Fruits and veggies are a major staple of every meal. This is because they are great sources of vitamins, minerals, fiber, and they also make a great low calorie low carbohydrates snack. As such they are one of the best ways to eat healthy and lower your risk for heart disease. A holdup for some people is figuring out how they can add these fruits and veggies into their diets. Well for snacks that's easy. Find some things you like and eat it. I tend to snack on broccoli, carrots, or celery with a small dribble of hidden valley ranch dressing or even some fresh cut cucumbers. These snacks are much better for you then meat, or cheese, or chips and a soda. For a meal I would typically eat some fruit for breakfast, a salad for lunch, and green beans, or broccoli and cheese, or a side salad, or even grilled red peppers, green peppers, and onions. It all depends on the rest of the meal. For fruits I'm not very picky. There are plenty of fresh fruits I enjoy such as apples, oranges, bananas, grapes, strawberries, peaches, grapefruit, lemons, limes, and much more. Just take a stop in your local produce section or your local farmers market and you'll be able to easily spice up your meals while lowering your risk of heart problems!

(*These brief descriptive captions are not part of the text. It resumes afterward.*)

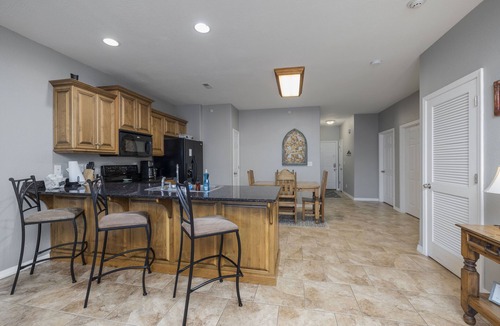 Indian Point Condo | Book Rockwood 3 king bdrm with Direct lake access, close to SDC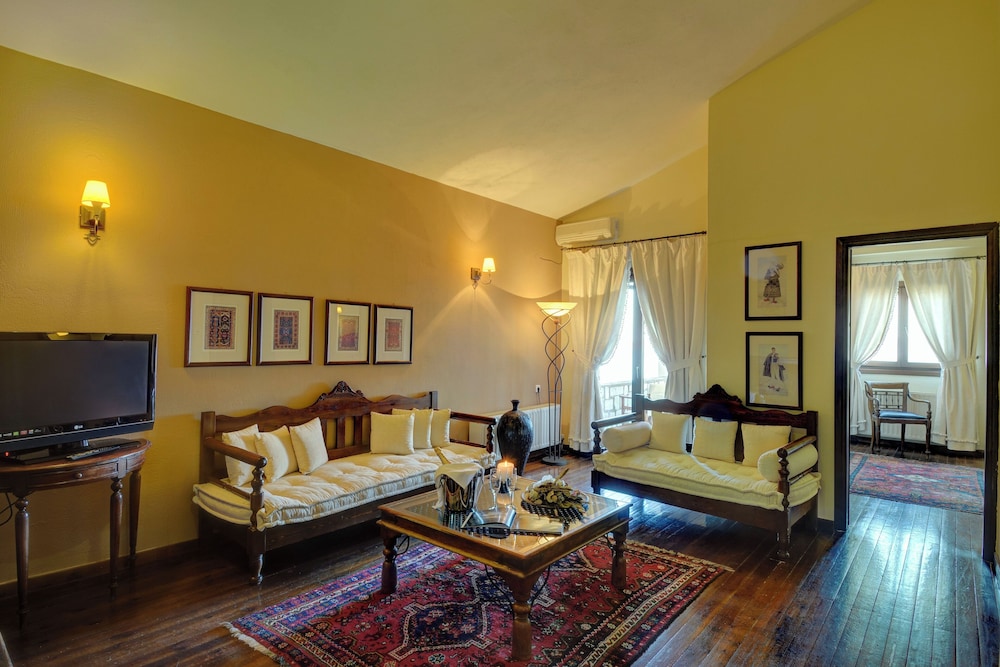 Basic Suite, Lake View photo 2
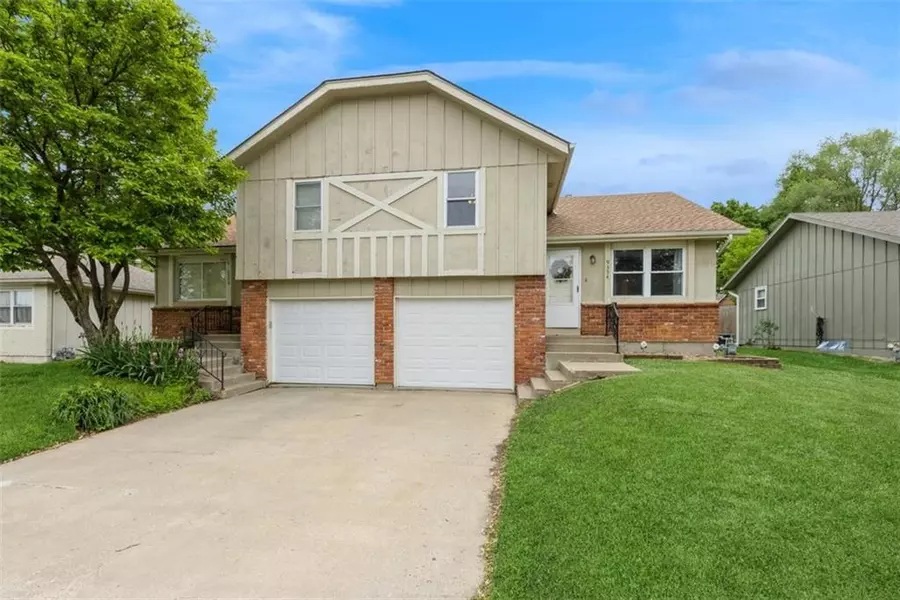 9354 W 48th TER, Merriam, KS 66203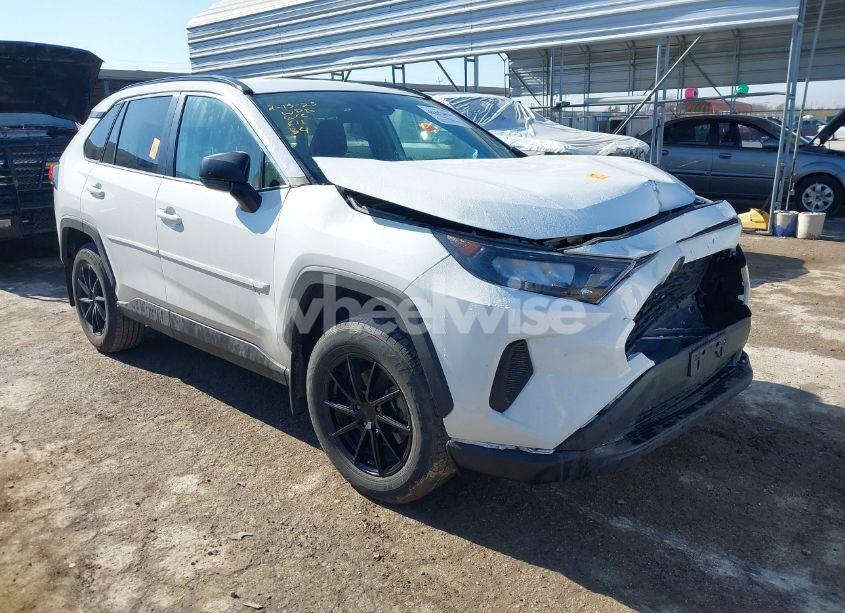 2020 Toyota Rav4 LE (VIN 2T3F1RFV7LW124233) main photo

Choose Protein That's Good For You.

The best sources of protein are the leaner meats. Fish, Shellfish, Chicken, Pork Tenderloin, and similar meats are going to be your best sources of protein. When choosing protein it's all about going as low fat as possible. Such as eating a grilled skinless chicken breast over the country fried steak. For me I tend to gravitate towards seafood as my main source of protein. The oceans and rivers are endless in providing us with great tasting sources of healthy protein. The best thing about fish is that they are super heart healthy. Fish and seafood from colder deep sea's water are the highest in omega-3 fatty acids. These acids help protect against many diseases such as; Alzheimer's, cancers, arthritis, high blood pressure, inflammations, depression, strokes, and heart disease. So make sure to try and eat some seafood at least twice per week. Some seafood I tend to eat is shrimp, crab, crawfish, scallops, mussels, tilapia, salmon, and even canned light tuna.

Watch the Fat and Cholesterol

This is the last section but definitely not the least! Out of all the changes you can make this is probably the most important section when it comes to lowering your risk for heart attacks and heart disease. High cholesterol will lead to plaque building up in your arms which is what causes you to have a heart attack or stroke. To reduce this risk it's important to limit the amount of fats and cholesterol included in your diet. The best way to do that is cut out the lard. Cut the butter, the margarine, and the shortening out of the food you cook. Start to trim the fat off of all the meat you get. Watch your sugar intake by using natural low sugar jellies and jams instead of the others. That also means trying to cut the cookies and cakes, the snack foods, and mostly everything that's high in saturated fat, trans fat, and cholesterol. If you have to use some sort of fat for cooking make sure to use canola oil, extra virgin olive oil, or even a nut or seed oil. If you start to adjust your diet around these principals you'll be on your way to a heart healthy diet!